You think it's acceptable that a company say the price is €170+vat and then after the transaction is complete they inform you that the actual price was €206.50?

replies(1): >>43193635 #
253. cft ◴[] No.43193635{4}[source]
No, not OK. In this case, the recourse in the US is simple- contact the company, and when refused a refund, cancel the charge in your credit card wit a couple of simple clicks in the app.
254. hassleblad23 ◴[] No.43219860{5}[source]
This is supported natively by most IDEs today.
replies(1): >>43231985 #
255. hassleblad23 ◴[] No.43231985{6}[source]

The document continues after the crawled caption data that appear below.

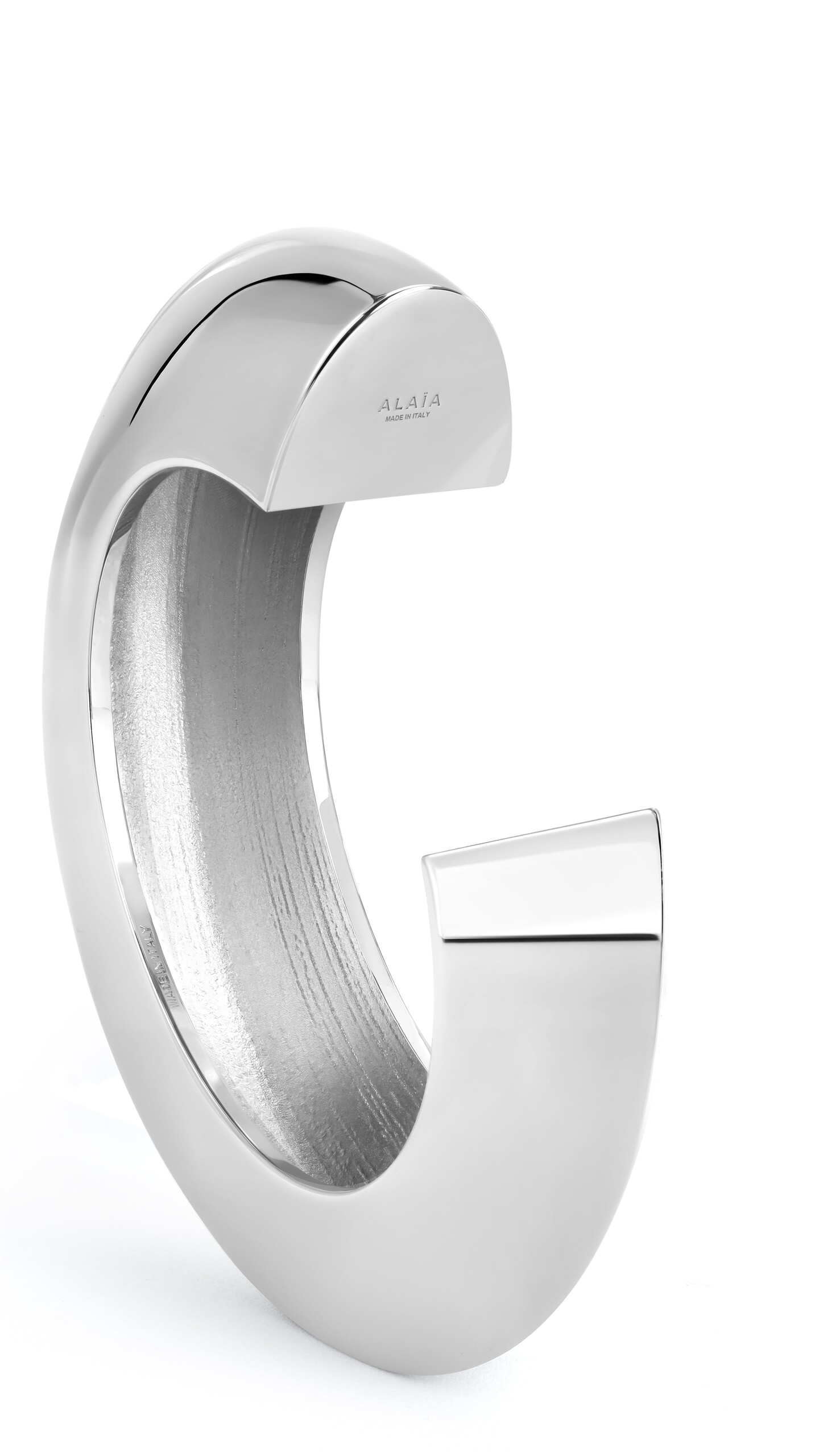 ALA&Iuml;A EDGE SMALL CUFF WHITE SILVER - View 2
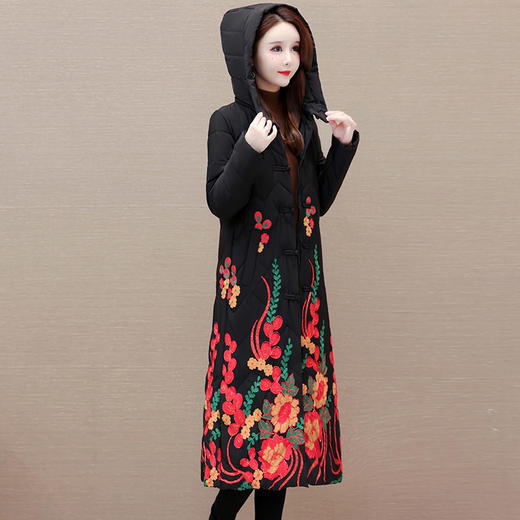 时尚保暖，冬款长款印花中年妈妈装棉服长袖连帽大码修身棉衣QYM-OMS-SDB377-L 商品图2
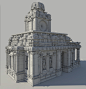 Combat Shrine wireframe, Edgar Martinez : Wireframe render in maya\mentalray
All building share many instances and the geometry on this renders represent the highest LOD on them.  
I was responsible for modeling the environment and all the buildings, the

At least Pycharm is good at it.
256. throwaway454647 ◴[] No.43239657{3}[source]
I've made the extension, but I haven't been able to test it (hence I'd rather not release it). I use Claude daily, but I haven't bumped into the situation yet where the generated output would disappear.
replies(1): >>43319648 #
257. throwaway454647 ◴[] No.43319648{4}[source]
Good news, I caught it today, I'll be able to iterate and at some point I'll publish my extension at Mozilla.